At the most basic level, Unity is a software as a service company, and not an advertising company. It is also a unique breed of SaaS businesses given its the dominant mobile gaming engine and that the game engine market is virtually a duopoly. Unity’s move to add an ad mediation platform was not a strategic pivot into advertising, it was merely so that the company can enhance the breadth of its SaaS offering. But the vision of Unity’s management is to grow its software solutions into non-gaming verticals. It is a subscription business and not an advertising business. AppLovin offering only 55% of the combined company to Unity fails to understand that point. As a result, there is no reason for Unity to dilute its shares by 45% compared to 10% with ironSource to get more exposure to digital advertising, that is not what Unity is after.

How Investors Can Play the ironSource/Unity Merger-Arb.

As a result of AppLovin’s offer, uncertainty over the original merger has taken its toll on ironSource. The original offer from Unity values IS at 0.1089 Unity shares. At $58.47 share price for Unity, ironSource should theoretically sell for $6.37 a share. Instead, the company finds its stock selling for $4.01, a huge discount. Making the deal even more lucrative is the fact it is set to close later this year.

Classic merger arbitrage would entail shorting the shares of Unity and buying ironSource to realize the spread. However, this is no classic merger arbitrage; there is a non-zero chance that AppLovin really panics and offers to match the merger terms with ironSource, valuing itself at 0.1089 Unity shares if the latter would abandon its merger with IS. This would value Unity’s shares north of $300. If that were to happen, the classic merger arbitrage won’t just do badly, it might blow up the account of investors. And rest assured AppLovin has enough reasons to raise its offer, its position as the leading ad mediation platform is under threat if the Unity/ironSource merger goes through.

Now it is fair to say AppLovin won’t go as far as valuing itself at 10% of the combined company, given it will likely infuriate its shareholders (who include private-equity firm KKR). But it can raise its offer for Unity significantly and succeed in terminating the deal with ironSource.

My opinion is investors should just buy Unity. If you get improved terms from AppLovin you get a quick pop in the stock. If not, you will own a really well-positioned SaaS company that’s part of a duopoly in a fast-growing market.

If investors feel compelled to stick to something resembling the classic merger arbitrage positioning, they might be better off buying both ironSource and Unity, but shorting AppLovin. The rational is AppLovin is the stock to be shorted if it ends up buying Unity, and it could struggle anyways if it fails to breakup Unity’s merger with ironSource, making it a compelling short anyways. On the other hand, one of ironSource or Unity will get bought out at a higher price than what it is trading for today.

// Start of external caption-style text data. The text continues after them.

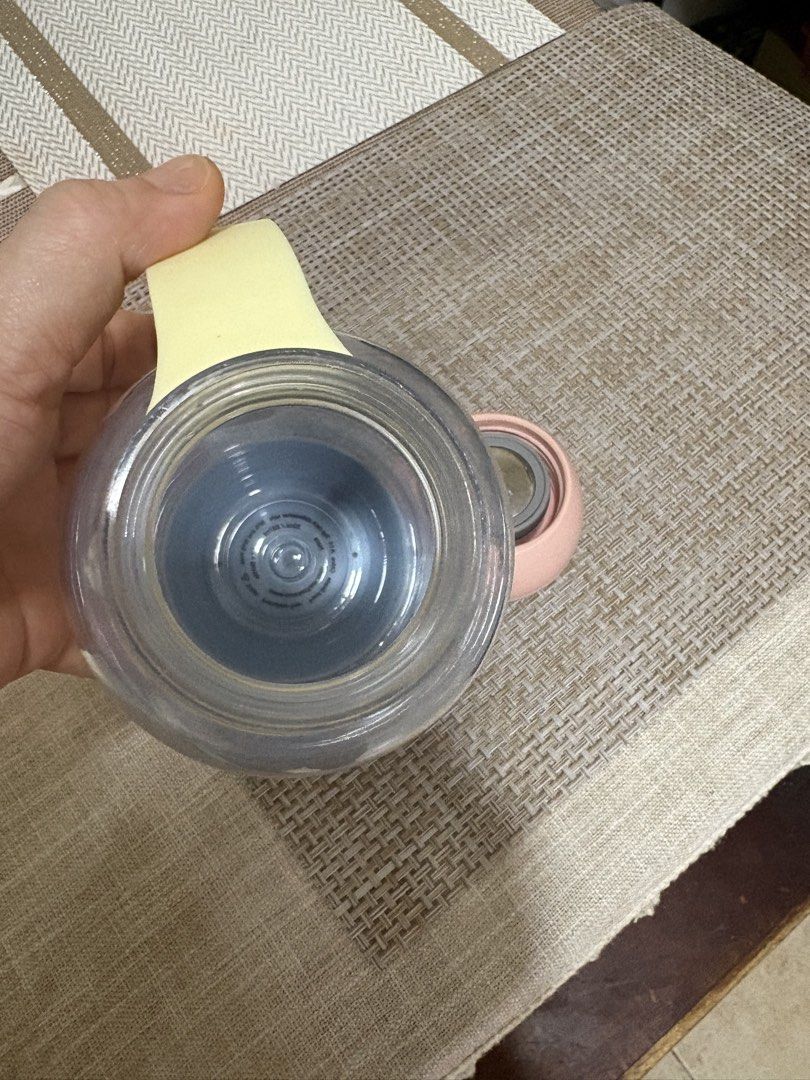 Sunnies Water Tumbler Set (Category: Water Bottles & Tumblers) located in Pateros City. Submitted by diazmine (Listing ID 1453572151, Image 2). Description: 25 oz clear bottle for sale. Used but rarely, this was a gift, but I prefer flask. Selling as set. Still has the box for each accessory and the paper bag. Authentic. Please see photo, serial numbers are at the bottom of the clear bottle. .
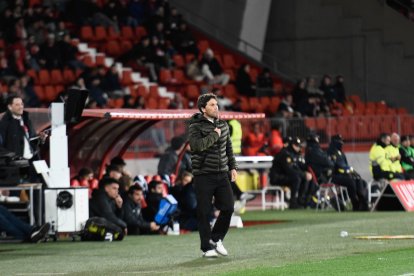 Al entrenador del Almería no le tembló el pulso con Morcillo.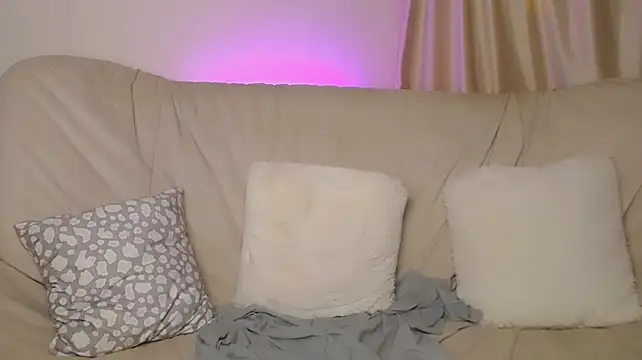 EllyColins webcam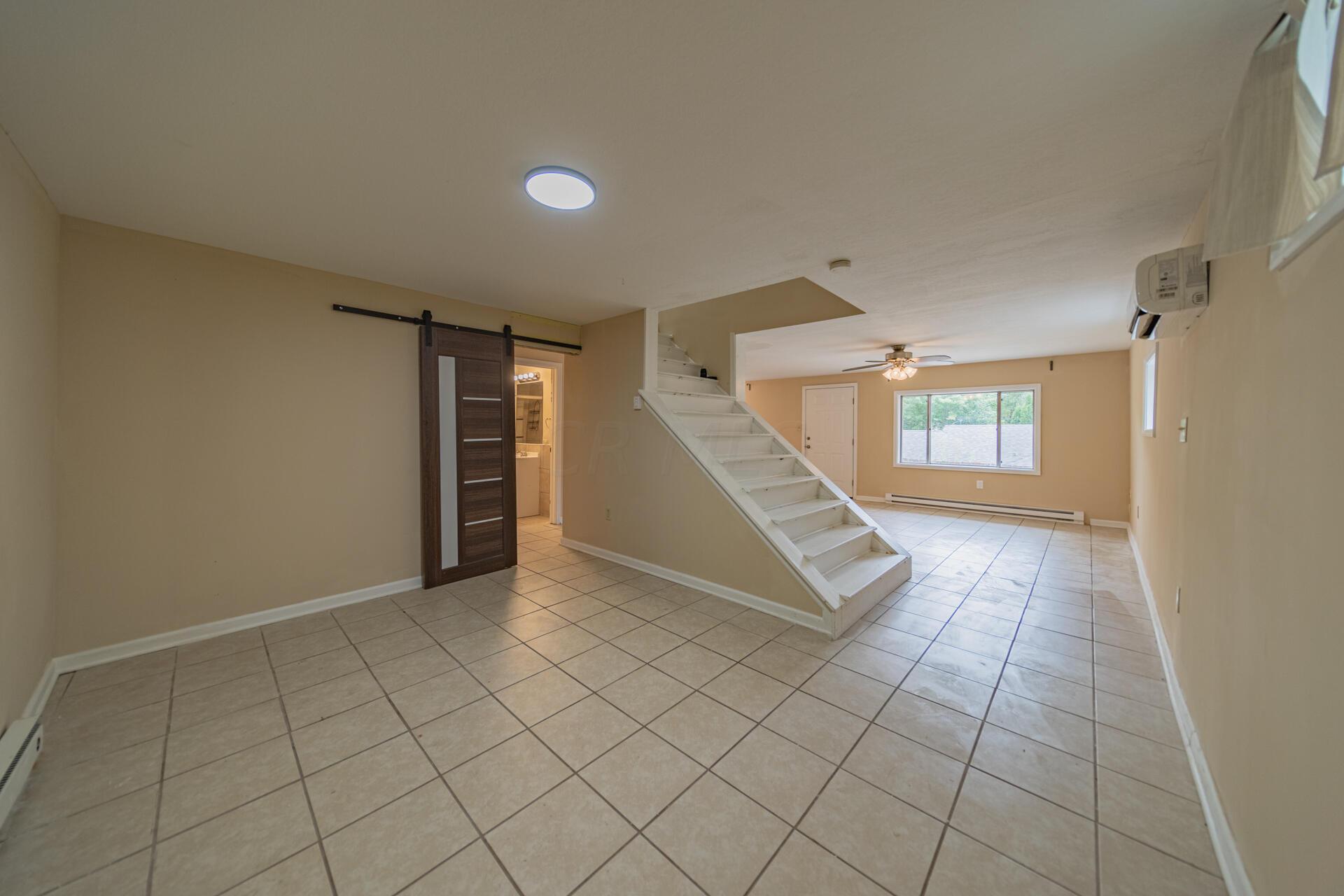 6541 Blacks Road Southwest Pataskala, OH 43062 - Photo 11 of 28 6541 Black Rd-INT11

I’m leaning more towards just buying Unity.

Conclusion

AppLovin’s offer has led to major doubt over whether the Unity/ironSource merger will go through. This presented investors with a lucrative merger arb opportunity, especially that the deal closes this year.

However, since AppLovin could sway Unity away from merging with ironSource with a higher offer. I suggest investors don’t follow the traditional merger arb path for this one, as shorting Unity could come at huge risk. If investors insist on pursuing a merger arb trade, they might be better off buying both ironSource and Unity but shorting AppLovin. My personal preference is to just buy Unity and hold.